Defendant waived any challenge to the trial court's exclusion of the defendant's family during the victim's testimony by failing to object. Waiver aside, the challenge lacked merit, as the defendant could not show the alleged error harmed the defendant. Davis v. State, 323 Ga. App. 266, 746 S.E.2d 890 (2013).

Closed proceedings proper.

- Trial court did not violate the defendant's Sixth Amendment right to a public trial by closing the child molestation proceedings for the child victim's testimony; O.C.G.A. § 17-8-54 permitted partial closure of the court room when a person under the age of 16 testified about a sex offense; the victim, age seven, was testifying about a sex offense, and § 17-8-54 did not violate the Sixth Amendment. Goldstein v. State, 283 Ga. App. 1, 640 S.E.2d 599 (2006), cert. denied, No. S07C0623, 2007 Ga. LEXIS 338 (Ga. 2007).

Trial court did not abuse the court's discretion by partially closing the courtroom during the victims' testimonies because the trial court limited the closure by allowing the defendant, the attorneys for the defense and the state, immediate families or guardians of the victims, immediate families or guardians of the defendant, the attorneys' employees, officers of the court, sheriff's deputies, and any members of the press to remain in the courtroom, which was acceptable pursuant to the Sixth Amendment. Pate v. State, 315 Ga. App. 205, 726 S.E.2d 691 (2012), cert. denied, No. S12C1308, 2012 Ga. LEXIS 1027 (Ga. 2012), appeal dismissed, 2020 U.S. App. LEXIS 3372 (11th Cir. Ga. 2020).

Trial court properly cleared the courtroom while the two minor victims testified at the defendant's trial for child molestation as O.C.G.A. § 17-8-54 authorized the trial court to clear the courtroom and, to the extent the trial court improperly required persons excepted from § 17-8-54 to leave as well, the defendant waived appellate review by not objecting. Tolbert v. State, 321 Ga. App. 637, 742 S.E.2d 152 (2013).

Waiver of constitutionality argument.

- By failing to challenge the constitutionality of O.C.G.A. § 17-8-54 until after the child victim testified, the defendant waived the right to argue on appeal that the statute violated the defendant's constitutional right to a public trial. Craven v. State, 292 Ga. App. 592, 664 S.E.2d 921 (2008), cert. denied, No. S08C1939, 2008 Ga. LEXIS 935 (Ga. 2008).

Harmless error.

- Although the trial court violated O.C.G.A. § 17-8-54 in removing the defendant's immediate family from the courtroom while the victim testified, the error was harmless. Other evidence, including testimony by the victim's family members, a pediatrician, a child protective services worker, a nurse, and a psychotherapist, supported the conviction. Craven v. State, 292 Ga. App. 592, 664 S.E.2d 921 (2008), cert. denied, No. S08C1939, 2008 Ga. LEXIS 935 (Ga. 2008).

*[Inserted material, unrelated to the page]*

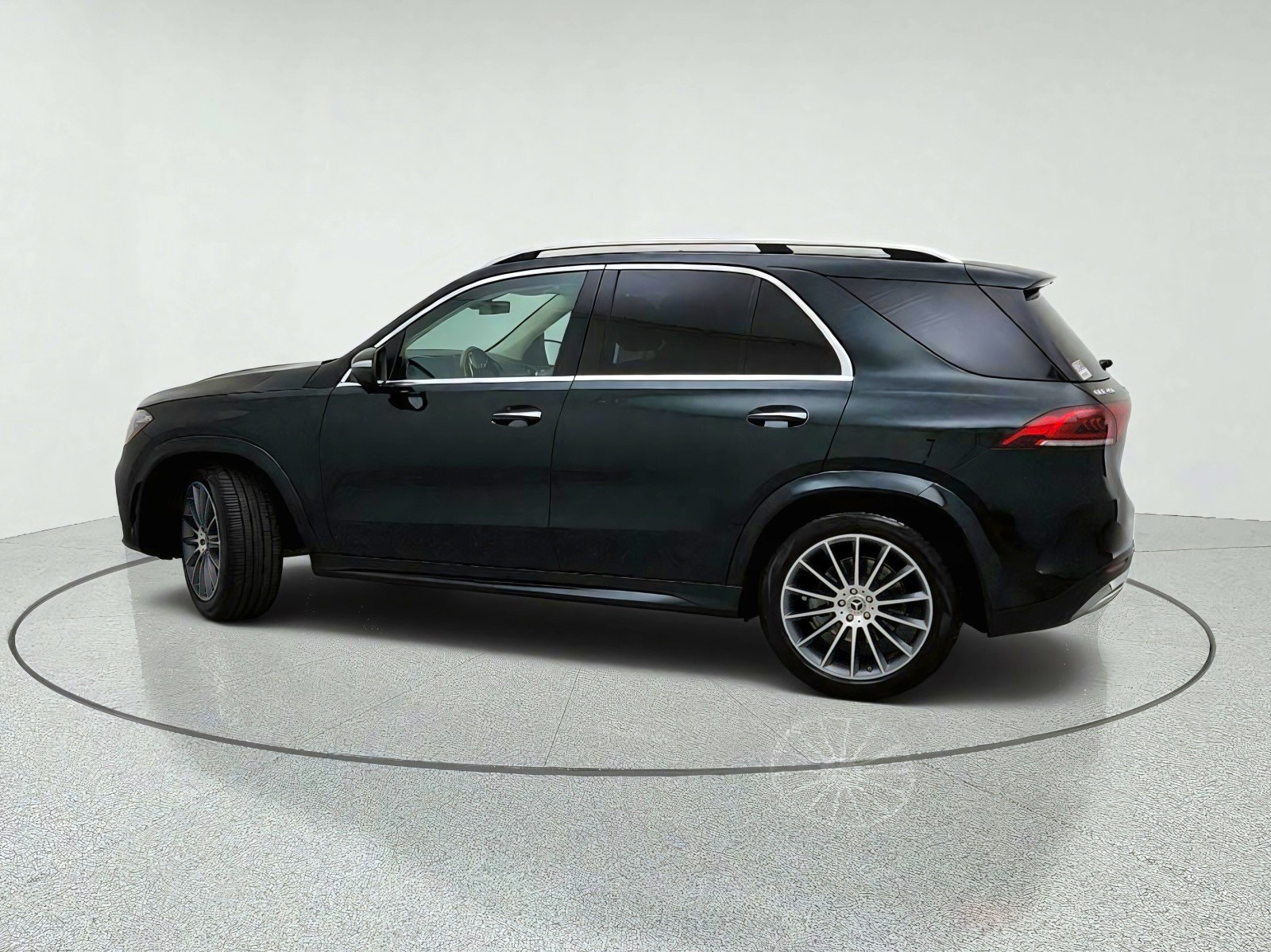 Certified Used 2023 Emerald Green Metallic Mercedes-Benz GLE 450 image 13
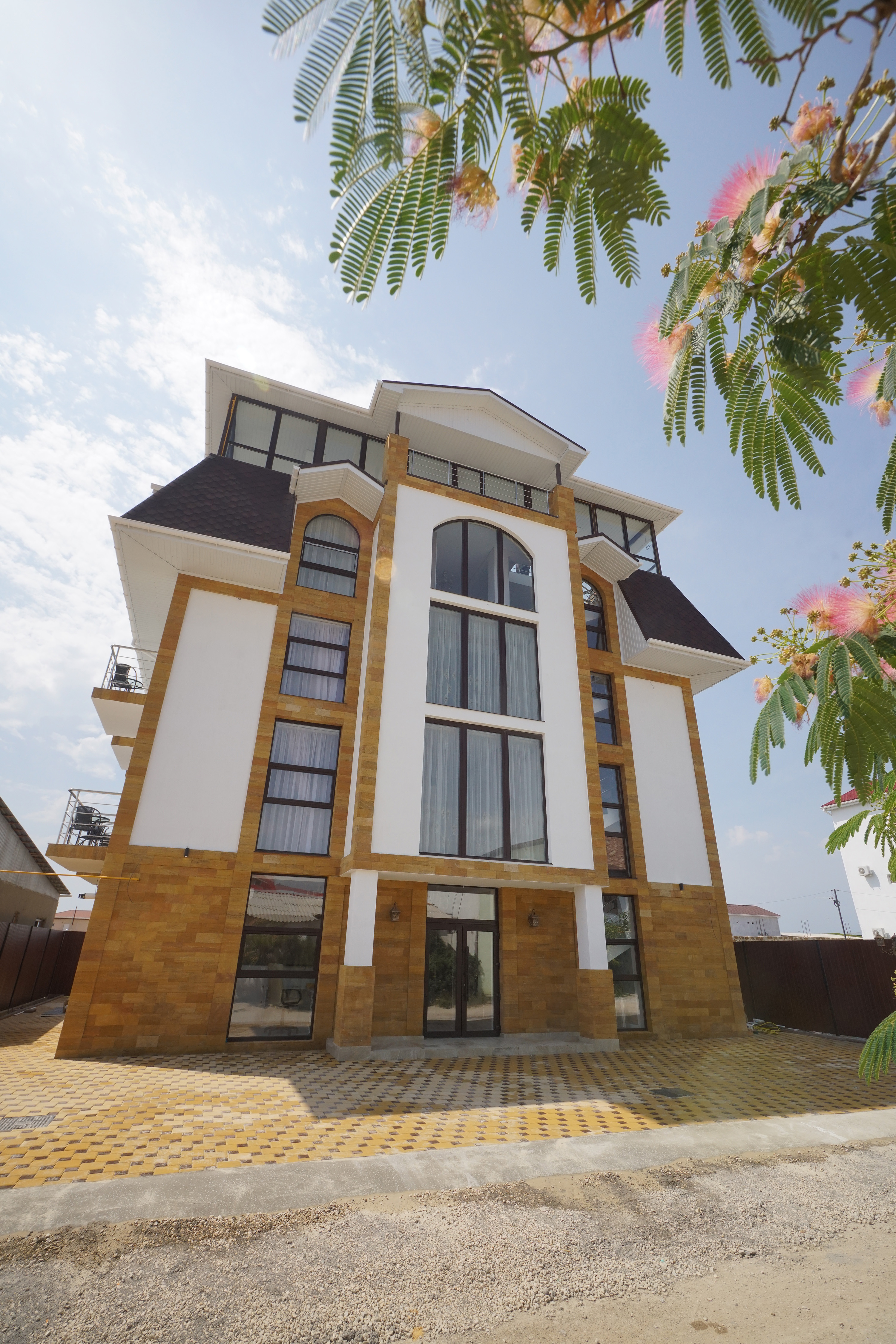 Фото отеля 2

Cited in Donaldson v. State, 255 Ga. App. 451, 565 S.E.2d 486 (2002).

RESEARCH REFERENCES

ALR.

- Determination of request for exclusion of public from state criminal trial in order to preserve safety, confidentiality, or well-being of witness who is not undercover police officer - issues of proof, consideration of alternatives, and scope of closure, 32 A.L.R.6th 171.

Basis for exclusion of public from state criminal trial in order to preserve safety, confidentiality, or well-being of witness who is not undercover police officer, 33 A.L.R.6th 1.